JONATHAN MANN, CNN ANCHOR: "Jungle Book," one journalist's trip through a dirty war that much of the world ignored (AUDIO GAP) and West Africa can't escape.
Hello and welcome.

People and leaders around the world are outraged these days, and for good reason. Iraq has been defying the United Nations for more than a decade, and may be hiding weapons of mass destruction.

The United States may defy the United Nations too, to lead a war against Iraq. That infuriates millions of people and frightens their governments.

Try to keep track of the debate and the details and the big picture -- it's easy to lose sight of some of the other outrages of our time, like the war that's being fought for control of Liberia.

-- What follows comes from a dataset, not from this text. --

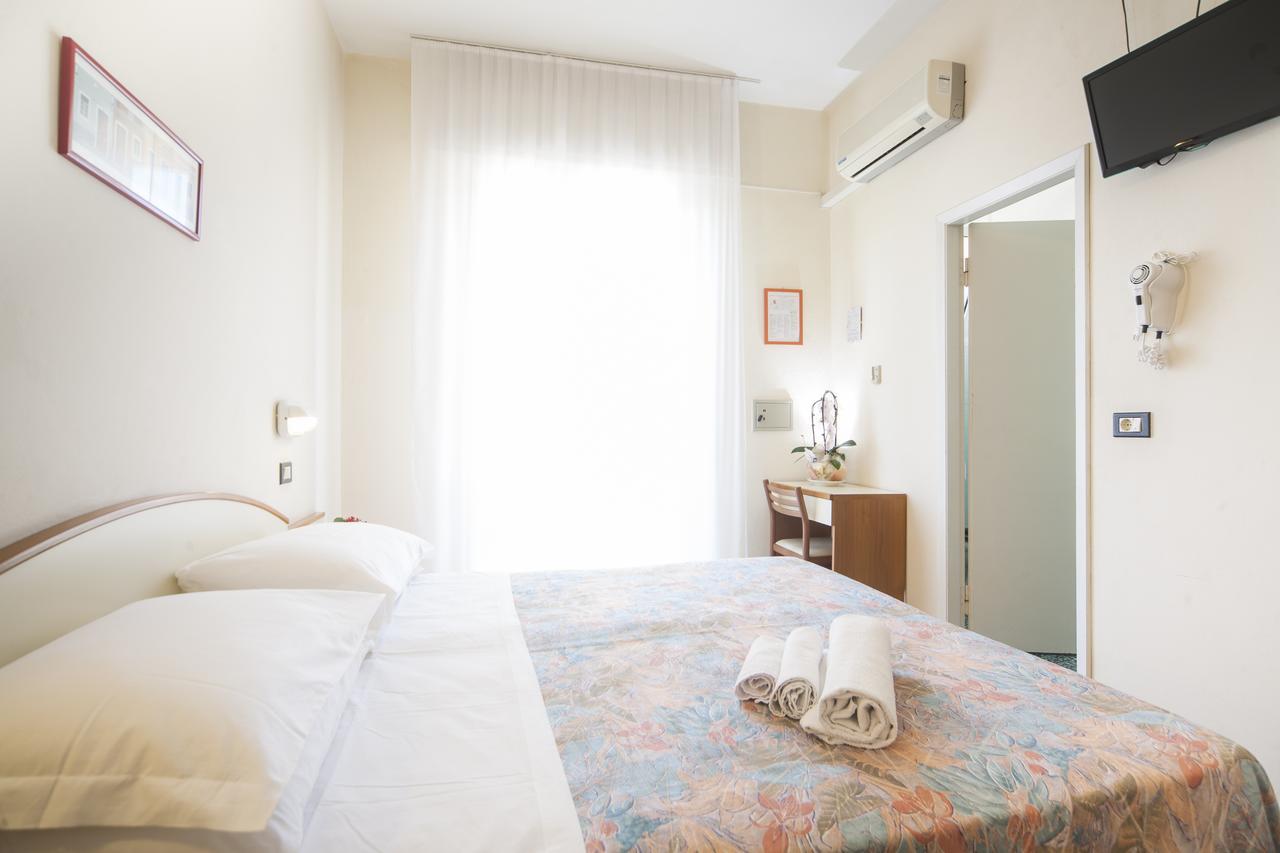 Hotel Latini Ріміні Екстер'єр фото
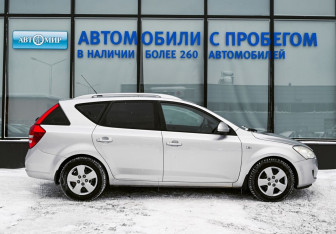Подержанный автомобиль Kia Ceed Wagon 2007 года (6 фото)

We're aiming for the big picture today. On our program, weapons of mass destruction: Liberia's forgotten war.


Liberia is a small West African country suffering through what by world standards is a small West African war. Both sides are accused of rape, torture, looting and random murder.

President Charles Taylor is a former warlord who seized power and then was elected to it. The current rebels, a group that calls itself Liberians United for Reconciliation and Democracy, or LURD for short, want to replace Taylor, but don't clearly express what they would do after that.

Journalist James Brabazon was granted permission to film the LURD rebels from behind their frontlines. He spent three months traveling with the group. He takes us now on the journey to what was the rebel frontline, a strategic town called Tubmanburg. We should warn you first, though, that some of what you're about to see will be disturbing.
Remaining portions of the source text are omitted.